Last night Brian and I were at a rodeo, probably the closest I’ll ever get to a Republican Party convention. All the great Southern stereotypes were gathered, filling the arena with Stetsons, shirt–jeans–boots combos, and families with far more children than parents. The only person more out of place than me were the couple wearing ‘Rainbow Nation’ t-shirts looking for a priest to perform a gay marriage. As we took our seats we were subjected to a pro-war propaganda video (which received big applause) complete with soft-focus scenes of soldiers helping small children walk to a newly-built school (should I even suggest why the children’s parents weren’t there?) and all the usual pish. After that I had trouble hearing the announcer so I found myself standing for Christian prayer. Then we had four mounted army soldiers trot into the arena for loud applause and cheers, followed by an all-rise, hats-off rendition of the national anthem.
‘Wait, wait, wait’, I was thinking, ‘what’s just happened here?’ I’d bought a ticket for a rodeo, and I’d ended up in my worst nightmare! The America I’d managed to avoid thus far has suddenly come tumbling into my lap, and it was a huge culture shock. I felt distinctly uncomfortable, and I was wondering what I’d got myself in to. Fortunately everybody seemed to have it out of their system after twenty minutes or so, and we readied for some bull riding.
The riders were introduced one-by-one to cheers, fireworks, and flames — about forty-five in all. The announcer brought the crowd to fever-pitch, instilling that pointless importance in us all that only sport can bring, and then the first rider was off.
Bull riding works like this: the bull gets put into a pen on the edge of the arena that’s just big enough to hold it; it can’t turn in any direction, and it can only move forwards or backwards half a metre or so. This restriction allows the bull rider to climb over the pen fence and onto the bull’s back. He settles himself and tightens the rope that’s wrapped around the bull’s belly: the rider can only hold on with one hand, so he basically ties that to the bull’s back with the rope. When he’s happy the gate to the arena opens and the bull tries to get the rider off his back. The aim of the game is for the rider to stay on the bull’s back for a mere eight seconds. Just eight seconds. That should tell you how hard it is. The bull is not at all happy that the rider’s on his back; having watched three hours of bull riding I think the bull’s thoughts go something like this:
‘What the hell are you doing on my back? Get off. I said get off! Right then, if you’re not going to get off, I’m going to make you. You are going to pay, sonny. I’m going to hurt you, your family, their friends, people you’ve passed in the street, their friends, and then their dogs. You will feel pain!’
[Rider falls off]
‘Ah ha ha ha ha! Now you’re going to get it. Prepare to feel the pain of me sticking a horn in your head. Oh wait, who’s this? Alright, I’ll gore you first, then the rider, and then anyone else in the vicinity.

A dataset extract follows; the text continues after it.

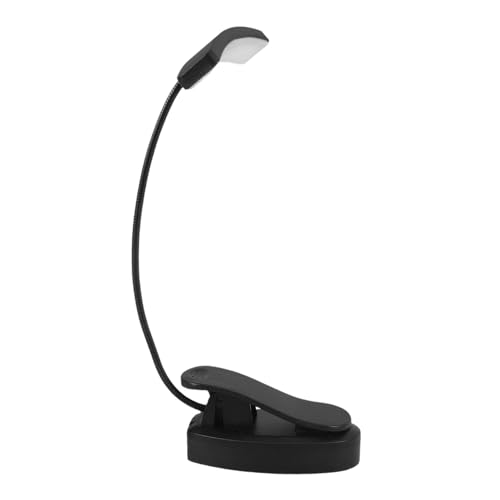 ibasenice Clip on Piano Sheet Music Light Led Reading Lamp Multi-Purpose Desk Lamp Music Stand Light Energy Efficient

Actually, I don’t feel that angry anymore, maybe I’ll just go off on a wander. Hello, what’s this? Oh it’s just dirt. What a nice day it is, I wonder what’s over here? Tum-ti-tum-tum.’
The bull is so annoyed while the rider’s on his back, but a few seconds after the rider falls off the bull seems to calm down and be exceptionally happy just standing and staring at stuff. The few seconds after the rider falls off are the most worrying though. While the rider’s on the ground the bull seems intent on goring him. This is obviously very dangerous, and so to make it safer the arena had four bull fighters that stand around inconspicuously while the rider is on the bull, and then jump in to action once he falls. These people are mental: it’s their job to get in between the bull and the rider and get the bull to want to kill them more than their rider. Essentially they go eyeball to eyeball with 700 kilograms of muscle and say things like ‘Yeah, I slept with your mother. Boy, is she ugly! And terrible in bed too. Still, better than your sister.’
Bull riders think bull fighters are mental; they seem to get worse injuries than the riders too: one bull fighter had received a broken neck twice from unhappy bulls. Fortunately for the bull riders and fighters, the bulls don’t stay angry for long. I think they must be very lazy creatures, and so once a rider falls they’re happy, and it’s too much effort to wreak vengeance.
At the end someone had won something, but I don’t know who or what. Only one rider was injured (when a bull stamped on one of his legs), and the fighters were still in one piece — one got close to being gored in the arse though. Although three hours was probably a little too long for my liking, it was great fun.
Yesterday evening Paula, Brian, and I spent a wee while planning our road trip. Paula starts a job up in New Hampshire in a few weeks, so we thought we’d have some fun on her journey up. The plan sees us visiting Chicago, Pittsburgh, Washington DC, Philadelphia, New York, and Boston in twelve fun-packed days. To celebrate our brilliant planning techniques we went to Ted Drewes frozen custard parlour on Chippewa. This stuff is gorgeous, but like most American treats, made me feel ill. Brian ate a massive tub and then polished off what I’d left over. Frozen custard is no match for the man who polished off a 2.2 kilogram burger the other day.